It rarely happens that a project comes out just right. Even if you are pleased with the result, even proud of it, there is usually that reservation. It could have been better. That wasn't quite how you had visualised it. There was that defect in the wood that you didn't anticipate and couldn't do anything about. There was that technical fault - shouldn't have done that - which you couldn't eliminate. The profile wasn't quite right, the tool markings, the finish. And you think, next time I'll do better. Next time I'll get it right.
But occasionally, very occasionally, you think, that is just it. You can't get better than that. And that happened today. I'll show you.
You may not like it. It may not be to your taste or your style. But for me, this was one of the best things I have ever turned.

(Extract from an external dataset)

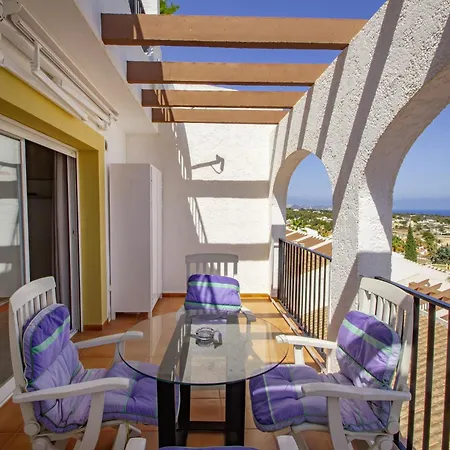 Apartment Lynapic - Plusholidays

It is chestnut, which I turned green in April. It was a crutch piece which I knew would give not just interesting grain patterns, but stress wood, and, I guessed, some interesting bark inclusions. The rough turning did reveal some, and because I turned it very thin, there was no cracking.
Today i put it back in the lathe for finishing - which essentially means sanding, in three stages - the inside, the outside and the base.

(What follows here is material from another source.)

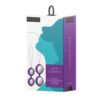 B SWISH - BFIT VIOLA CLASSICA - immagine 4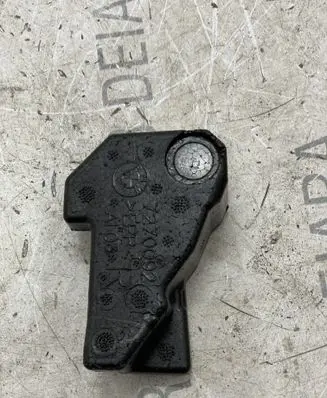 BMW 5 F10 F11 Other rear door trim element 7270092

It just went beautifully. I waxed it with a light penetrating wax which I was afraid might darken the colour - but didn't.
So I am left with a dish with an ogee profile, exactly right. Thin, but with a thinness which is even throughout. The figuring is subtle, but superb. The pictures don't do it justice.

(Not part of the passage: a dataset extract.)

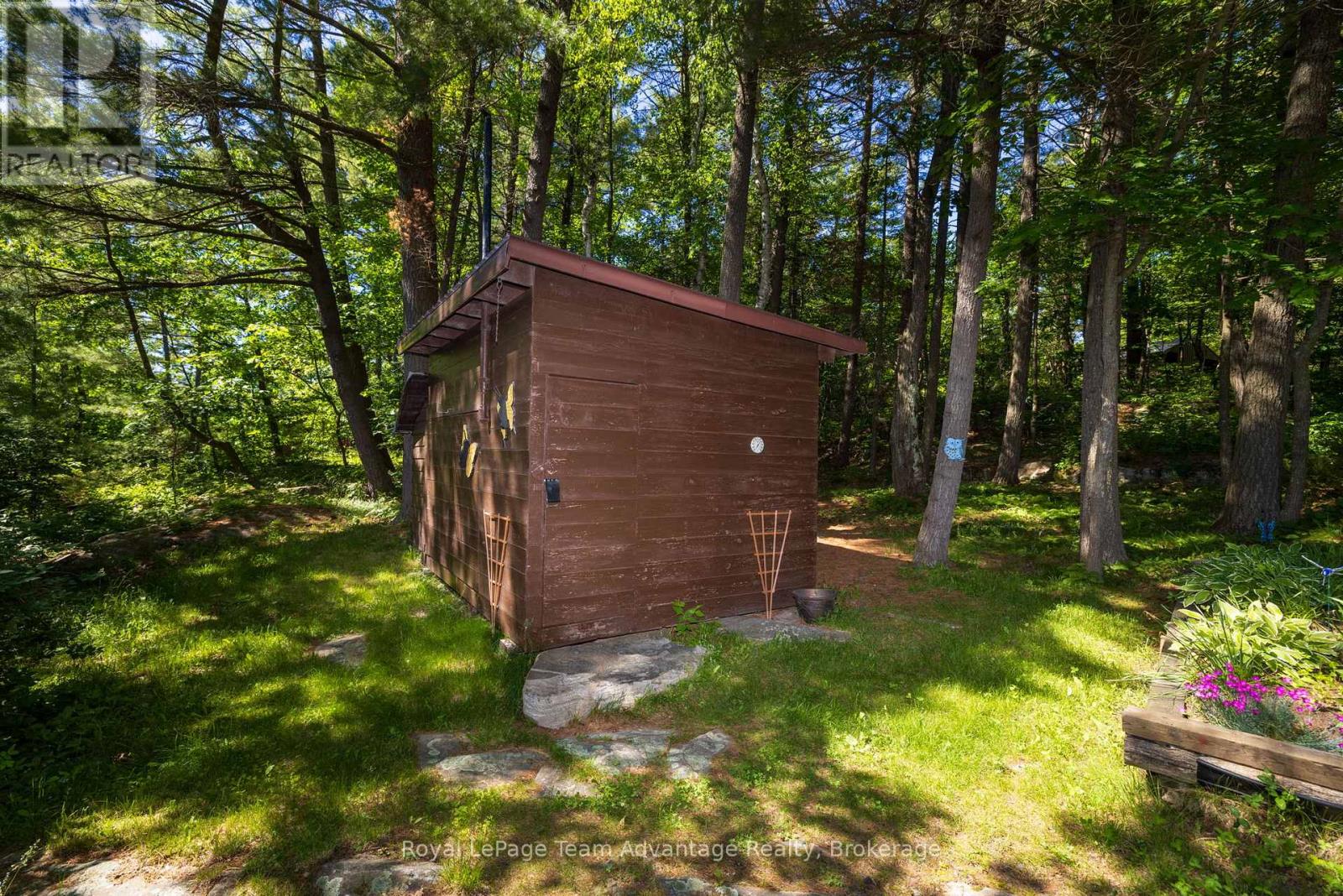 39 WOOD DUCK TRAIL - 35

The grain swirls gently without being contorted. The centres are pronounced, without being dominant. The colour gradient from heart to bark is gradual but breaking into uneven zones which are offset by small but dramatic bark inclusions. Then there are the flares - the stress wood which branching always brings. It was relatively understated, just right.
So here is perfection? Is this exactly what I wanted to achieve? I thought so. And I thought here is a dish I can look at time and again and always see something new. Except as I was looking and admiring for the umpteenth time I spotted it - tiny and slight, but an imperfection. Almost certainly invisible to anybody else, but one I shall always see. I guess nothing is perfect!